Just been to vote. For the European Parliament. A curious election.
Where the action happened |
On the one hand, we had the Conservatives, David Cameron’s Party.
As usual, there’s the smell of corruption around them. The most recent scandal concerns the bright idea they had to encourage private colleges to spring up all over the place to offer higher education courses to anyone who could pay their fees. The London School of Science and Technology in Wembley has been signing up students as though they were going out of fashion, without getting too obsessed with banal details like qualifications or talent.
The students pay the college £6000 a year for the privilege of registering. They collect £11,000 a year in dirt cheap student loans underwritten by the taxpayer. Rather a lot of them then don’t bother with any of those boring aspects of student life, like actually attending classes. It’s win-win: they gain, the college gains. OK, win-win-lose if you include the taxpayer, but hey, why bother about them if the government is applying its ideology.

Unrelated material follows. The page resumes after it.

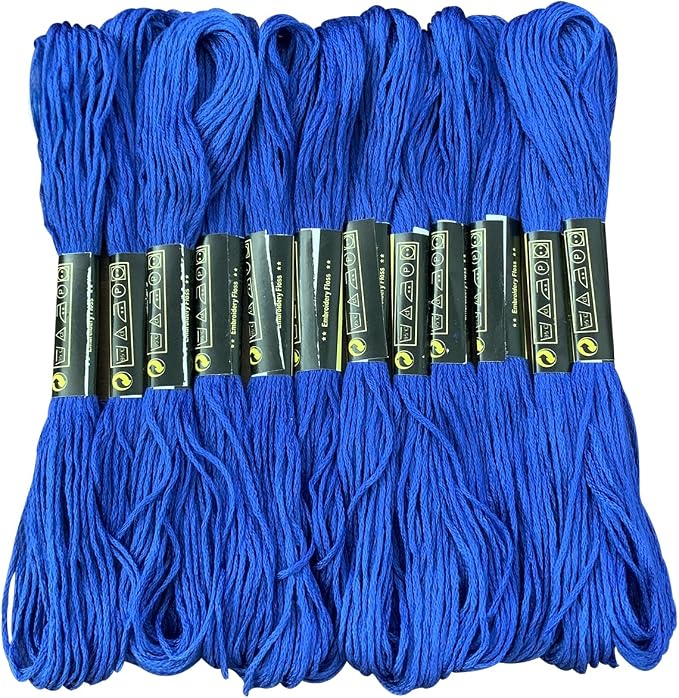 12 Skeins Embroidery Floss Blue Color, Friendship Bracelet String Cross Stitch Embroidery Thread Floss Bracelet Making Yarn, Craft Floss（Blue）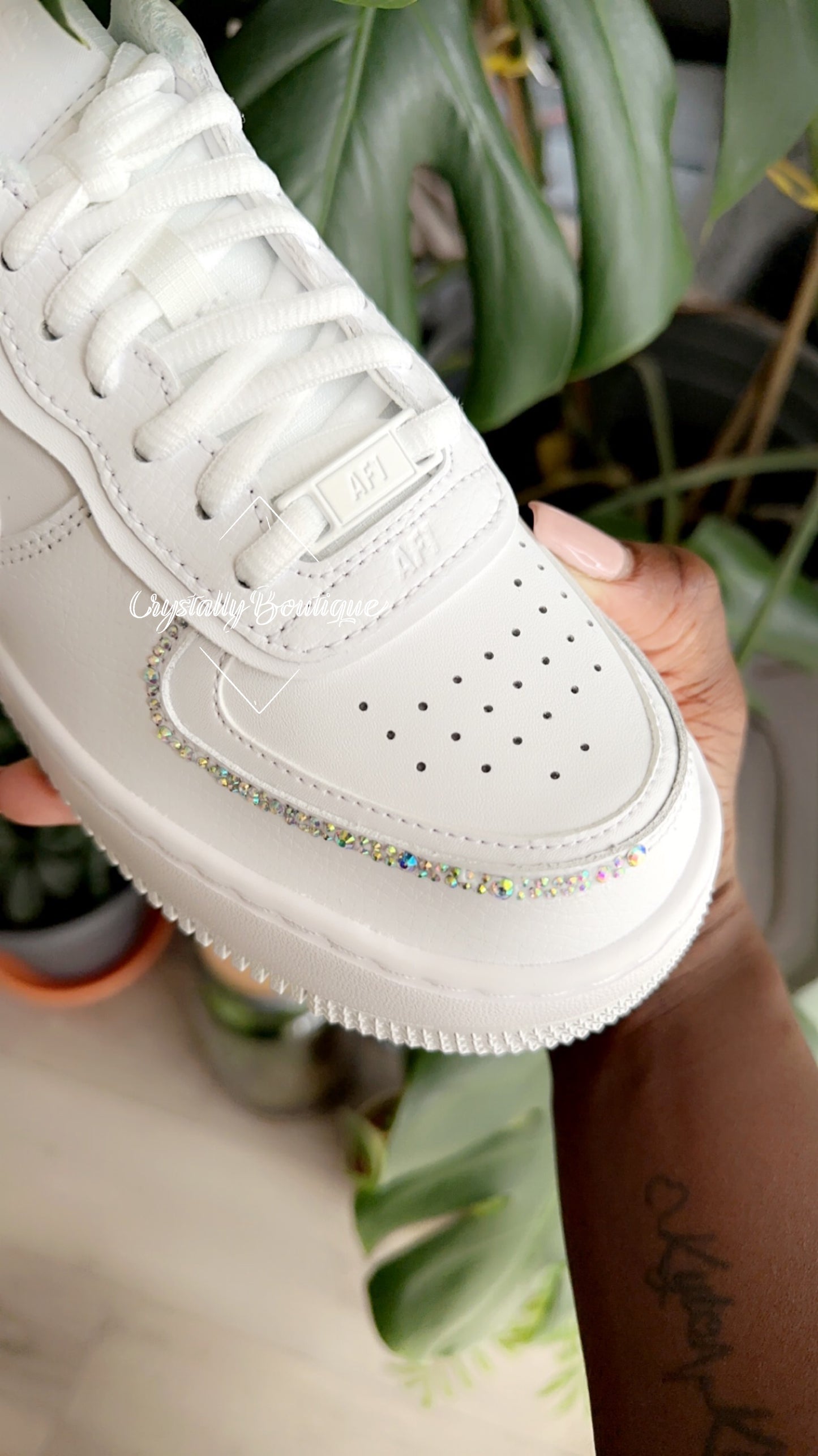 Shadow Bling Two Tone Adult Nike Air Force Ones in White customised with Clear Rhinestone Crystals size 3 4 5 6 7 8 9 10 11 UK Brand New!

This comes on top other wonderful experiences with privatisation, such as Serco failing to deliver on its contract to provide out-of-hours GP services, or G4S artificially inflating its invoices. None of that has stopped the government pursuing its privatisation agenda, with one of the most sensitive of services, child protection, the next in the firing line.
The main opposition to the Conservatives is Labour. Sadly, its leader Ed Miliband prefers substance over appearance. I say “sadly” because not many people seem all that interested in details of tedious hard work, like the drawing up of policy, and that’s what he seems best at. The policies are often good, but then he goes for an interview where it turns out he doesn’t know the name of the local representative of his own party or, when discussing the terrible standard of living problems he’s rightly identified as besetting ordinary people, the amount it costs most of them to shop for food.
That plays into the hands of those who want to write him off for his looks or how he talks, rather than listen to what he says.
What used to be the third party is rapidly becoming an also-ran. The Liberal Democrats used to be a great ginger group, snapping at Labour’s heels and occasionally helping to keep them honest. Now they’ve sold their soul to the devil, joining a coalition with the Conservatives, losing two thirds of their electoral appeal in the process and rapidly disappearing into irrelevance.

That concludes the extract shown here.